Placing a value on doing things "because we can" rather than because it's effective or advances the mission...
This article is provided by ChurchTechArts.

I’m always fascinated on how I end up having the same conversation with multiple people over the course of a few weeks. Topics rotate, but when one hits, I end up talking about it a lot.

Recently, I’ve had at least four conversations about live streaming church services. I’ll start by saying I’m not categorically opposed to live streaming church services. I can understand why many of the big churches that live stream do just that.

What I struggle with is smaller churches, especially those with volunteer tech teams, wanting to stream. I always ask the same questions when churches talk to me about streaming. I offer them here for your consideration.

“Why?”
I shouldn’t be, but I’m often surprised that many churches have not even asked why they want to stream. Many heard it’s possible, or saw a big church at a conference doing it, or simply have big church envy.

But let’s really break it down for a minute and back up a step. What is the purpose of the church service?

It seems to me—as a non-theologian who never went to seminary—that the church gathers corporately once or more a week to worship together (usually defined as singing, which may or may not be worship; but that’s another post), teaching, the administering of the sacraments and fellowship. At least two of those is hard to accomplish sitting in front of your computer, and one is a marginal experience. Only the teaching portion really translates well.

So my question is, if we can’t deliver a good experience for 75 percent of why the church comes together to do, why are we doing this again? For a large church that has the infrastructure, it’s not that much of an incremental cost to stream.

But the small church run by volunteers has a harder mountain to climb. Plus, people like to attend small churches (and I’m defining “small” as below about 1,000 on a weekend) because they feel more connected to others there. And watching on the computer makes it hard to be connected.

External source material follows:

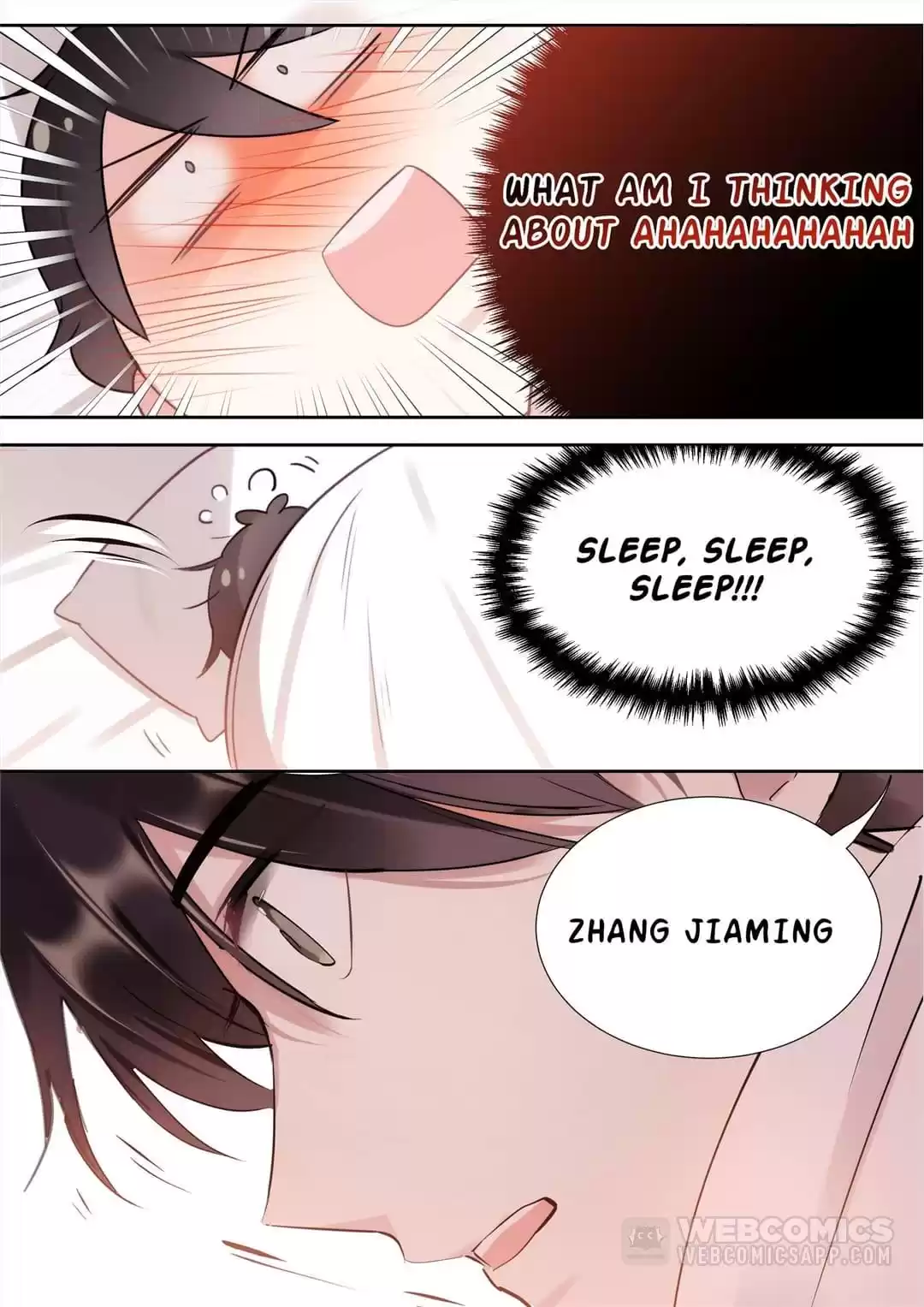 Actor X Actor Chapter 138 page 13 - 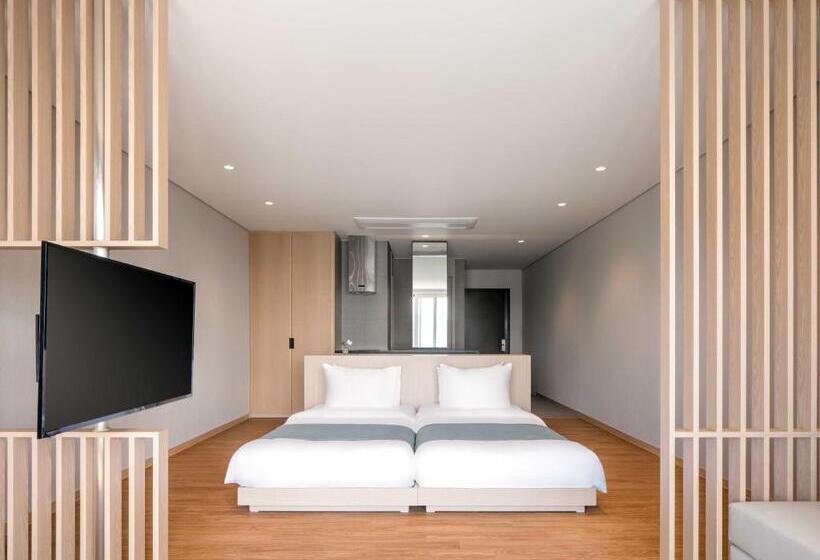 Hanwha Resort Geoje Belvedere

Often people push back and say, “Well, we want to stream for parents who have sick kids or people on vacation.” I’ll tackle the vacation question first. I would be willing to bet that approximately 2 percent of churchgoers watch a live streamed service of their church while on vacation. And that may be generous. So that’s not really an issue. Now, I understand parents of sick kids might benefit from being able to watch the service at home. But…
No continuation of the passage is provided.